Devasa, yeni doğmuş yıldız sistemleri gezegenin iç kısmında hakimdir ve geriye yalnızca dağınık halde birkaç gaz parçası bırakır.

READ  Korkunç bir nedenden ötürü yaşanabilir gezegenleri kolonize edemeyecek miydik?

Hubble (sol, orta) ve James Webb (sağ) teleskopları tarafından çekilen, Yaratılış Sütunları olarak bilinen Kartal Bulutsusu'nun aynı gök sütununun üç görüntüsü, yeşilden maviye ve yıldız alanına kadar kademeli ayrıntı ve renk değişimini gösteriyor .

Yaratılış Sütunları’ndaki merkezi sütunun bu üç panelli görünümü, ona dair görüşümüzün 1995 Hubble görüntüsünden, 2022 James Webb Uzay Teleskobu görüntüsü aracılığıyla 2014 Hubble görüntüsüne nasıl evrildiğini gösteriyor. Sütunun toz bileşimi ve James Webb Uzay Teleskobu’nun ortaya çıkardığı, Hubble gözü için tamamen belirsiz olan arka plandaki yıldızlar dikkat çekicidir. Kolonun tepesine yakın birinci ve üçüncü paneller arasındaki renk farklılıkları, kolonun kendi içindeki enerji aktarımının kanıtını sağlar.

Kredi: NASA, ESA, CSA, STScI; Hubble Miras Ekibi; J. Hester ve P. Squin; E. Siegel tarafından derlenmiştir

Hala yaklaşık 4-5 ışıkyılı yüksekliğinde üç yüksek sütun var: Yaratılış Sütunları.
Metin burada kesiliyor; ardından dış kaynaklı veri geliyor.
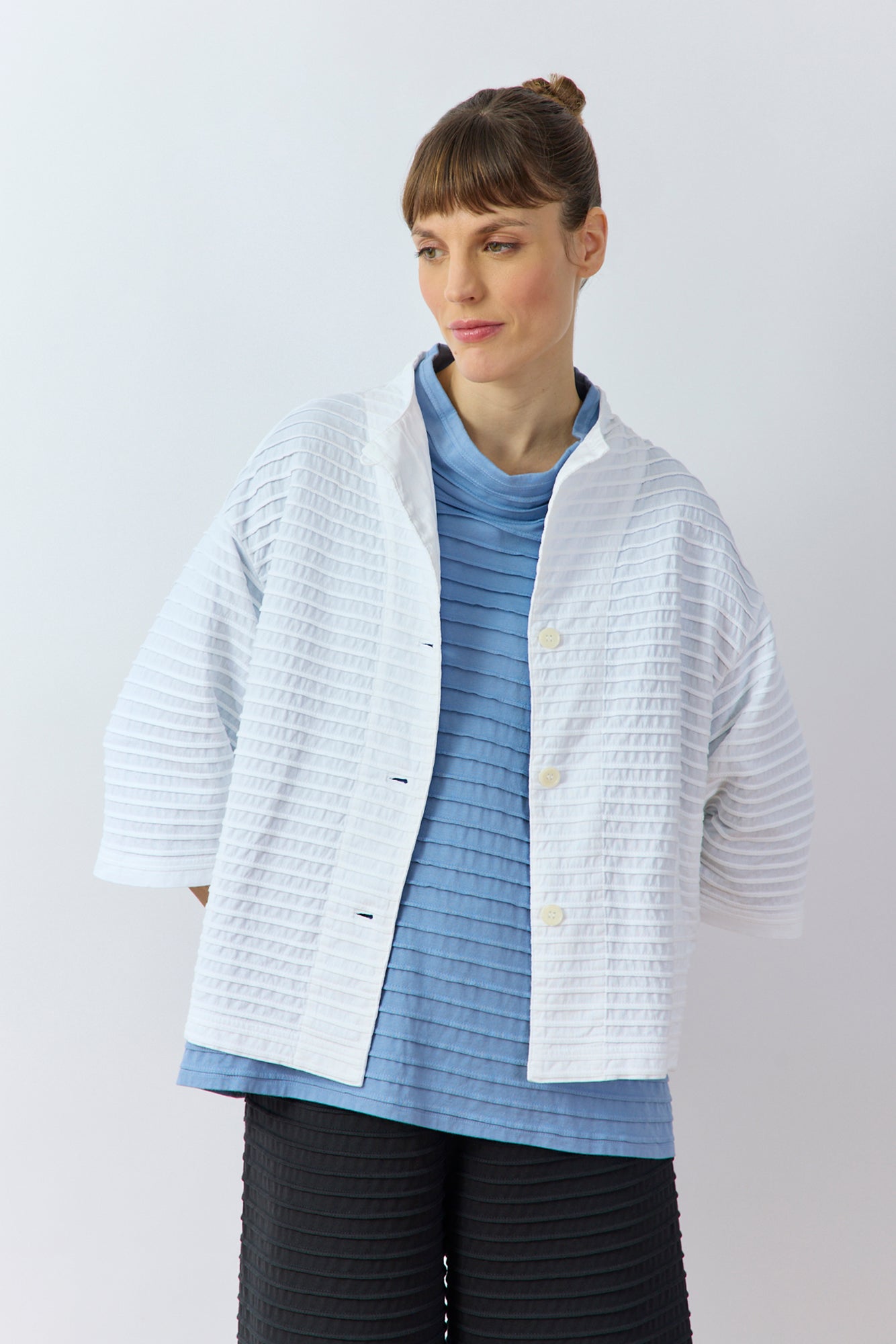 Front view of Yaccomaricard Faneru Jersey open Jacket in white showing pintuck work.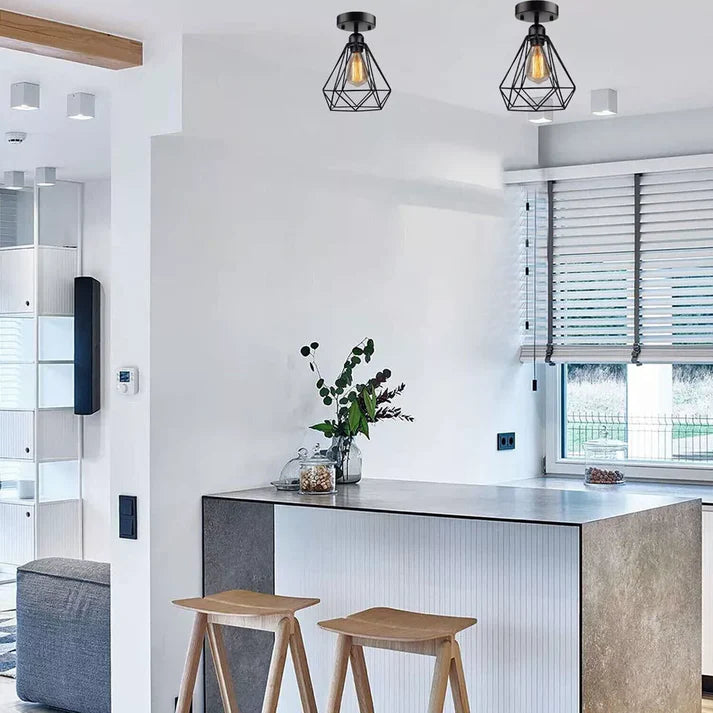 Modern kitchen with island, stools, and decorative elements.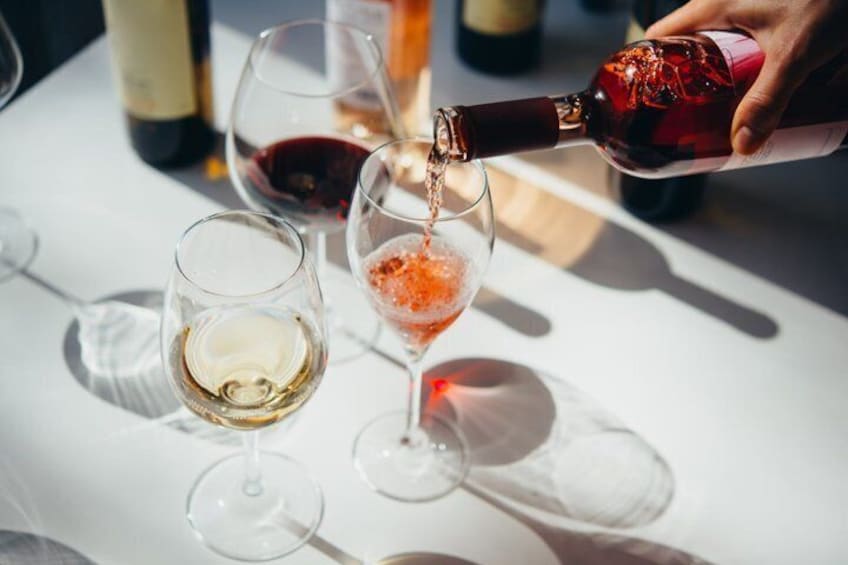 A person pouring wine into a glass. 5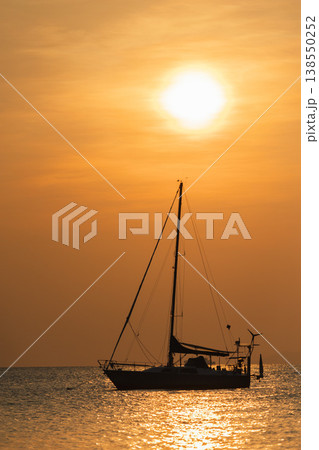 Sailing yacht silhouette anchored on calm sea at golden sunset with bright sun above horizon and shimmering water reflections Sailing yacht silhouette anchored on calm sea at golden sunset with bright sun above horizon and shimmering water reflections 138550252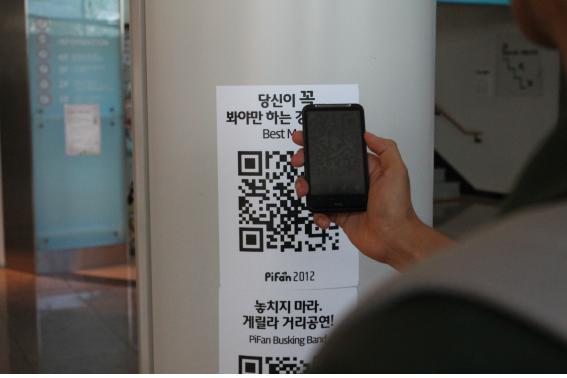 관람객 중 한 명이 스마트폰을 이용해 QR코드 스캔 후 정보를 제공받고 있다.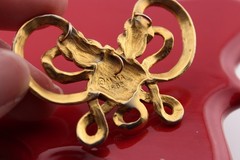 Vintage 1982 Metropolitan Museum of Art Braided Gold Tone Bow Pendant MMA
Solda, Yaratılış Sütunları’nın Hubble tarafından görülen ikonik görünümü. 2022’den itibaren James Webb Uzay Teleskobu (sağda) da bulutları görüntüleyerek yeni oluşan yıldızlar, sönük ön yıldızlar ve Hubble’ın inanılmaz yetenekleriyle bile görülemeyen soğuk gaz gibi ayrıntıları ortaya çıkardı.

KrediNASA, Avrupa Uzay Ajansı, Kanada Uzay Ajansı, Uzay Bilimleri Enstitüsü; Joseph De Pasquale (Uzay Bilimleri Enstitüsü) ve Anton M. Koikemore (Astronotik Enstitüsü) ve Alyssa Pagan (Astronotik Enstitüsü)

1995’ten günümüze kadar yapılan gözlemler, dumanların yavaş yavaş küçüldüğünü, yani dış radyasyon nedeniyle buharlaştığını gösteriyor.

Hubble’ın en yüksek bulutun ucunu gösteren iki ünlü yüksek çözünürlüklü görüntüsünü birbirine göre döndürerek ve uzatarak, 1995’ten 2015’e kadar olan değişiklikler üst üste bindirilebilir. Pek çok kişinin beklentilerinin aksine, buharlaşma süreci yavaş ve küçüktür; tüyler 100.000 yıl veya daha uzun süre varlığını sürdürecek.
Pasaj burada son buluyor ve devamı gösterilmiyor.